A decisão do Tribunal da Relação de Lisboa - que, em primeira instância, dá razão à ilegalidade da prisão preventiva de Paulo Pedroso no âmbito do caso Casa Pia - merece o respeito de quem respeita todas as outras decisões da Justiça, mesmo aquelas que nos parecem menos justas. E, honestamente, eu não sei se esta decisão é justa, não tenho sequer competências para discutir tais coisas, e por esse lado dou-me por muito feliz. O que me faz infeliz é a associação indecorosa de uma notícia que iliba um homem - que, à época, tinha justificadas e legítimas ambições pessoais de carreira profissional e política nos órgãos do Estado ou de representação externa de Portugal - de várias acusações de abuso sexual ao pénis da Grécia antiga que, como se sabe, foi fértil em casos de homosexualidade com direito a relatos e reflexões, inclusive, na Bíblia. Nenhuma mente ingénua aguenta, sem um esgar malicioso, tão casual associação. Nem aquelas que acreditam piamente numa das mais conhecidas máximas do Padre Américo, precisamente!, essa que diz não existirem meninos maus...

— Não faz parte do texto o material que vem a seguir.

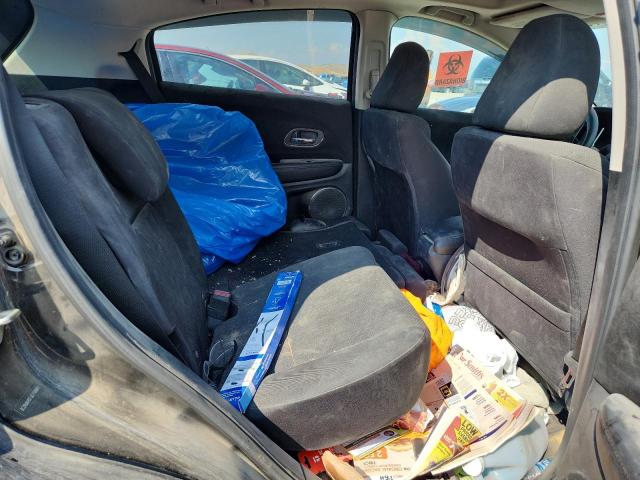 3CZRU6H57JG710681 - 2018 HONDA HR-V EX შავი ფოტო 10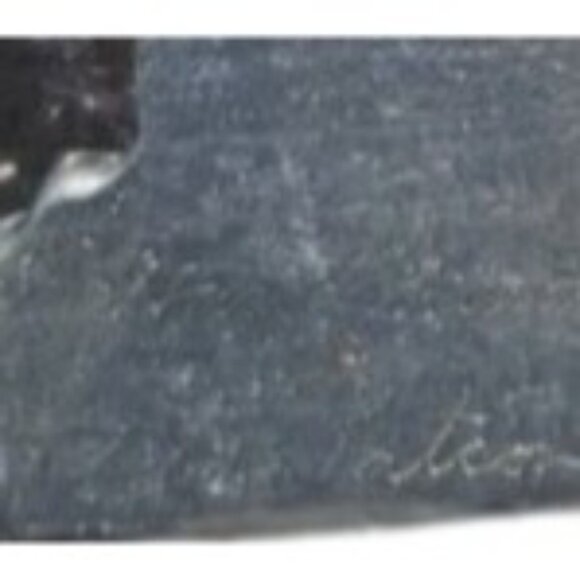 5pc Vintage Ornaments Nativity Pewter Handmade Artisan Signed New - Picture 9 of 12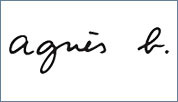 Logo de la marque Agnes B. Bordeaux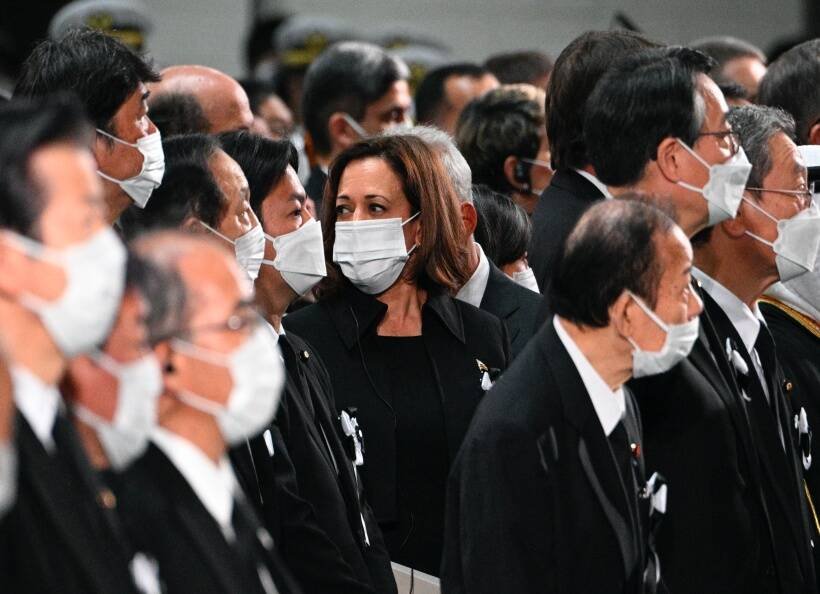 Shinzo Abe funeral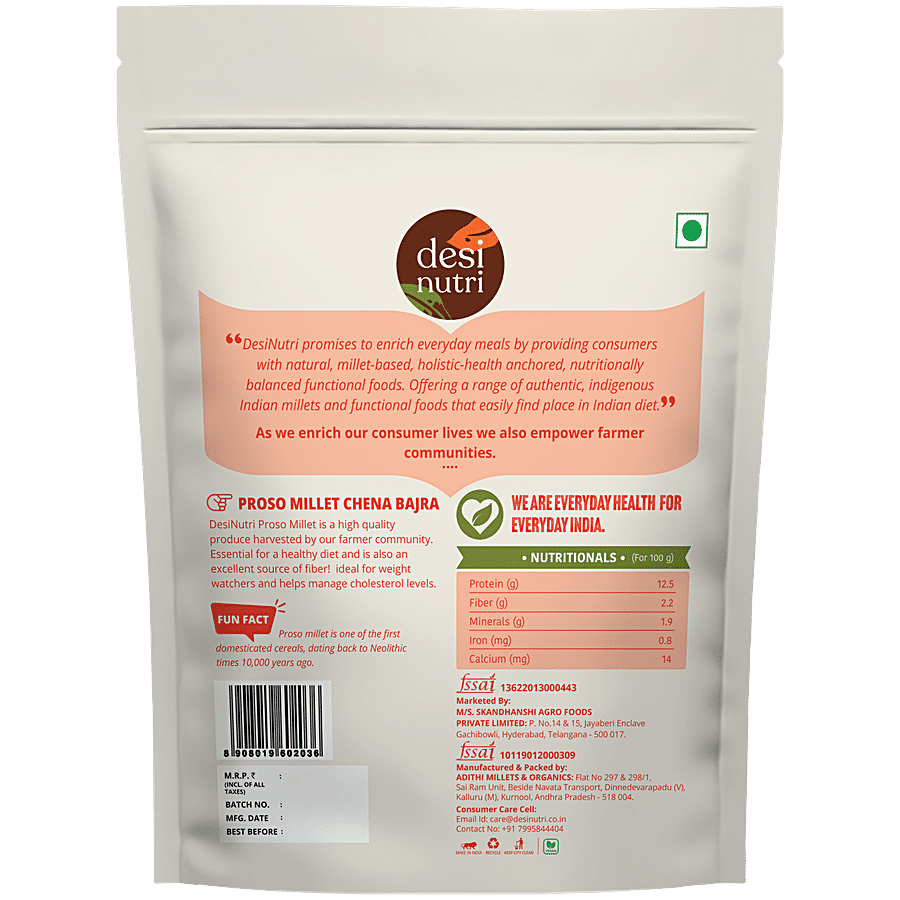 Desi Nutri Proso Millet/Chena Bajra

O caso é grave. Em 2003, Portugal viveu dias de absoluta excepcionalidade, como aqui ficam retratados: há jovens que se diziam sexualmente abusados, há um homem, Paulo Pedroso, que foi destruído em público, há uma direcção política que foi literalmente decapitada. Se houve, ou não, cabala, está por demonstrar, embora do ponto de vista político esteja pessoalmente convicto dela, e estou à vontade para o afirmar até porque nunca, sequer, me senti próximo do Partido Socialista. Mas, cinco anos depois o que sobressai aos olhos das pessoas que passam nas ruas? Fica para a História a capa de um "jornal de referência", tido, até por mim!, como muito relevante para a Imprensa portuguesa, que pisa o risco, ultrapassa todas as marcas e, seguramente, também vai sair incólume deste "erro grosseiro".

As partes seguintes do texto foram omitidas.